To edit and save a Word document that’s in a read-only mode, you need to know how to change the file back to normal. In this article, you’ll learn effective solutions to solve Word document read-only problems.
Disable the “Read-Only” Command in Word Document
The “Read-Only” command is for preventing unintended changes in a Word file. Word files with Read-Only attributes can be read/opened, renamed, or edited but cannot be saved in the original file.
To disable this command, simply follow the steps below:
Step 1. Right-click the document that is in the read-only mode.
Step 2. Select the “Properties” option.
Step 3. Click “General”.
Step 4. Unchecked “Read-only” then click “OK”.
The Word file should now be savable.
Turn Off “Always Open Read-Only”
If your file is set to “Always Open Read-Only”, this means that you’ll have to see the message and manually select the option each time you open the file. Here‘s how to turn off this setting.
To turn off “Always Open Read-Only”:
Step 1. Open the Word document.
Step 2. Click on the “File” tab in the top left corner of the screen.
Step 3. Select “Info” from the menu that appears.
Step 4. Click on “Always Open Read-Only” in the “Protect Document” drop-down to turn the setting from yellow-highlighted to normal.
Now, the next time you open this document, you will no longer see the message asking if you want to open read-only.
Disable “Restrict Editing” in Word Document
Microsoft Word’s “Restrict Editing” feature allows you to limit the type of edits and formats that can be made to a document, and by whom. This is useful if you want to prevent someone from accidentally making changes to your document or if you need to collaborate on a document with others but only want certain people to be able to make certain changes.
To disable “Restrict Editing” in a Word document:
Step 1. Open the restricted Word document.
Step 2. Click the “File” option.
Step 3. Click the “Info” option.
Step 4. In the Info option, click the “Protect Document” button.
Step 5. Select the “Restrict Editing” option.
Step 6. Now click the “Stop Protection” button. You may need to enter a password.
If you forgot its password, check out this article: How to Unprotect an MS Word Document for Editing. I use Passper for Word whenever I wanted to remove editing restrictions or recover the opening password in a Word doc.
Stop “Marked as Final” in a Word Document
Marked as Final is used to protect sent documents. So, if you get a file from someone that is marked as Final, then you might face problems if you try to edit the document.
Step 1. Double-click the Word document to open.
Step 2. At the top of the word document, click “Edit Anyway”.
The Word document will refresh and become an editable file.
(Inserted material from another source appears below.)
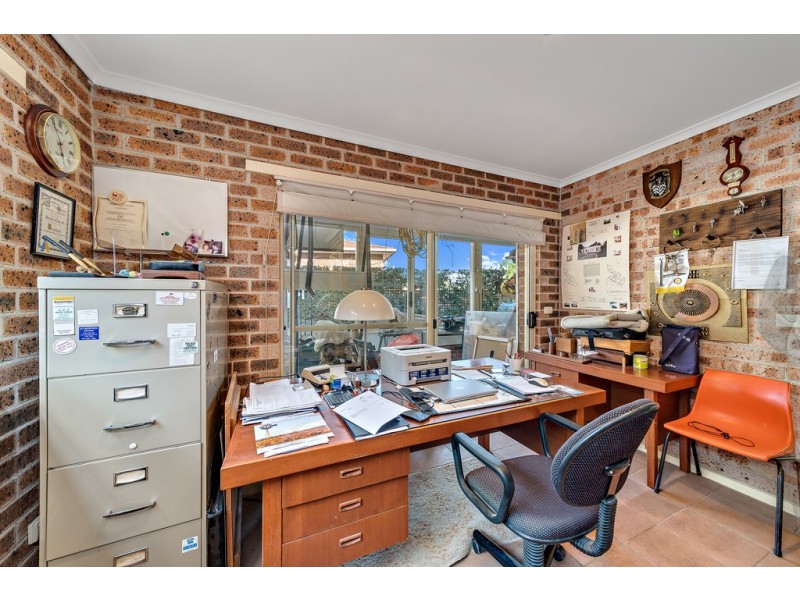 14 Duterrau Crescent, Lyneham ACT 2602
Disable “Protected View” in Word Document
Protected View is a default option for browser-downloaded Word documents and other email attachments. To help avoid putting risk in your computer, these potentially unsafe files are opened in Protected View.
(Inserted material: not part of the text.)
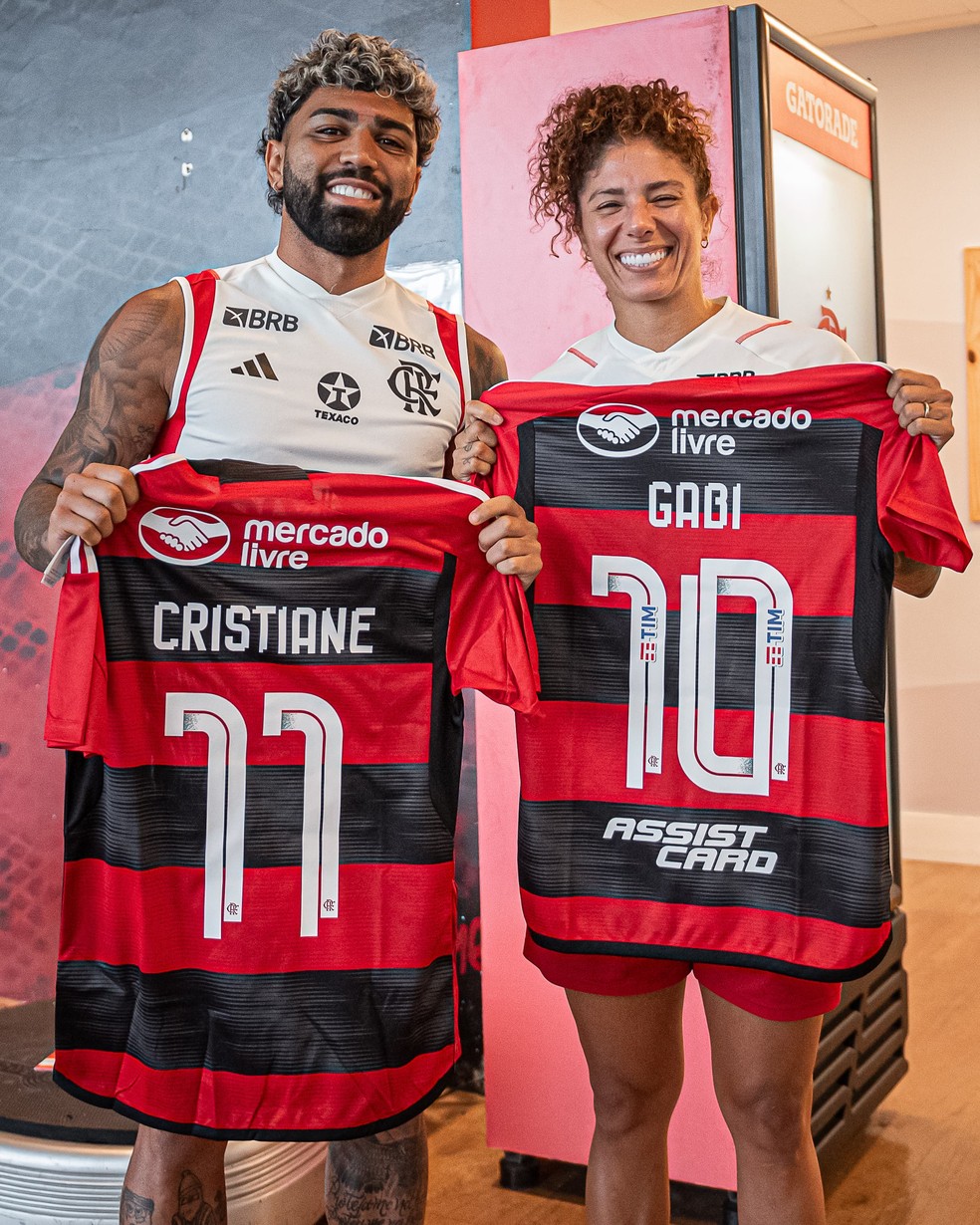 Gabigol e Cristiane trocam camisas no Flamengo — Foto: Paula Reis/Flamengo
Word files that are in Protected View status have all editing options hidden and disabled. Simply follow the steps below to disable the protected view default.
Step 1. Find the Word document with “Protected View” status and double-click to open.
Step 2. Find and click “Enable Editing”.
The Word document will refresh and will become an editable file together with access to all editing options.
Microsoft Word allows users to turn off Protected View settings in the Trust Center. To do this, open Word and click “File” > “Options” > “Trust Center” > “Trust Center Settings”. In the Protected View tab, uncheck all three options under “Protected View”. This will disable Protected View and allow you to open documents without having to go through the extra step of enabling editing. Keep in mind that disabling Protected View can put your computer at risk for malware and other security threats, so only do this if you trust the source of the documents.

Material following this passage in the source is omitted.